- Kotwica zagrała naprawdę dobre zawody i zasłużyła na zwycięstwo. Oni byli lepsi od nas. Nie wykorzystaliśmy swojego potencjału w tym spotkaniu. Czasem takie mecze się zdarzają. Trzeba zwrócić uwagę na fakt, że jest to nowy zespół, który cały się zgrywa - mówił po sobotnim spotkaniu Milivoje Lazic, trener Śląska Wrocław.
Dla wrocławian była ta druga porażka w lidze - na początku sezonu przegrali z Anwilem Włocławek. O ile porażka z ekipą z Kujaw była wkalkulowana przed sezonem to mało kto spodziewał się, że Śląsk przegra w Kołobrzegu. Gospodarze od samego początku narzucili swój rytm gry, na co nie potrafili odpowiedzieć goście.
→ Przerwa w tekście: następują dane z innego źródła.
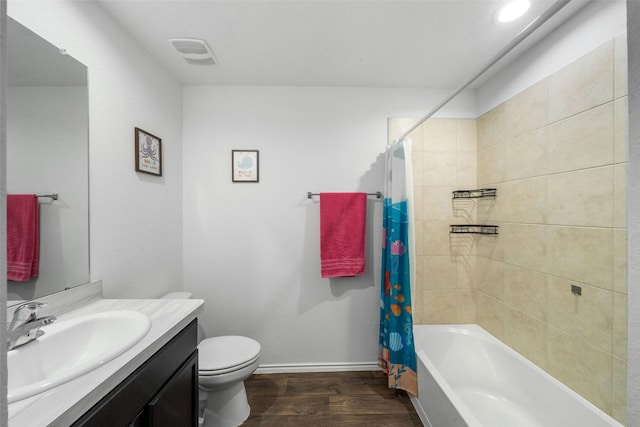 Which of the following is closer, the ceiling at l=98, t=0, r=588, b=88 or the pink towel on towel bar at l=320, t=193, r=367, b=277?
the ceiling at l=98, t=0, r=588, b=88

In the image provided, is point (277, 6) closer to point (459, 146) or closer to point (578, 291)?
point (459, 146)

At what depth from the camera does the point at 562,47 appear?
137cm

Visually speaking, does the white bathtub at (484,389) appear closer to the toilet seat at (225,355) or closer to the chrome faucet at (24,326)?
the toilet seat at (225,355)

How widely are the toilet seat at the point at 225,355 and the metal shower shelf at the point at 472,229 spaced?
5.64ft

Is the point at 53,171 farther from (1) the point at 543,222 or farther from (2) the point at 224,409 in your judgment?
(1) the point at 543,222

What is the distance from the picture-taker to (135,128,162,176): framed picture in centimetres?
150

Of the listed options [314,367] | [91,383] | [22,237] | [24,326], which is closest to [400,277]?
[314,367]

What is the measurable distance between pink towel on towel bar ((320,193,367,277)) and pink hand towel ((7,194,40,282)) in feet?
4.91

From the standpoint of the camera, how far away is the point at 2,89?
26 cm

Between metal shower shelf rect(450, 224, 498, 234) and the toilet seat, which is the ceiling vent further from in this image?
metal shower shelf rect(450, 224, 498, 234)

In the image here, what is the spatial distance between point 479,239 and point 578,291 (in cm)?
78

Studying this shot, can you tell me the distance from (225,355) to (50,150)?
1342 millimetres

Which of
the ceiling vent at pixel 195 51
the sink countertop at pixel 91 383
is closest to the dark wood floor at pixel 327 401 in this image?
the sink countertop at pixel 91 383

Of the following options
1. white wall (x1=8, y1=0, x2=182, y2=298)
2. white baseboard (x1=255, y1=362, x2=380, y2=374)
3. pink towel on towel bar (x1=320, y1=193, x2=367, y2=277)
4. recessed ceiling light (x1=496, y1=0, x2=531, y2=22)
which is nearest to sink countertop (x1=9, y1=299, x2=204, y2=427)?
white wall (x1=8, y1=0, x2=182, y2=298)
Do przerwy Śląsk przegrał już 36:50. Gracze Lazicia nie potrafili zatrzymać Terrella Parksa (22 punkty) oraz Grzegorza Arabasa (20 oczek). W ekipie gości najskuteczniejszy z kolei był Paweł Kikowski, który uzbierał 14 punktów.
W następnej kolejce wrocławianie zagrają z liderem tabeli - Energą Czarnymi Słupsk - Musimy kontynuować jednak swoją pracę na treningach, tak aby nie przydarzały się nam takie porażki, jak ta z meczu z Kotwicą Kołobrzeg. Wierzę, że stać nas na to - oceniał Lazić.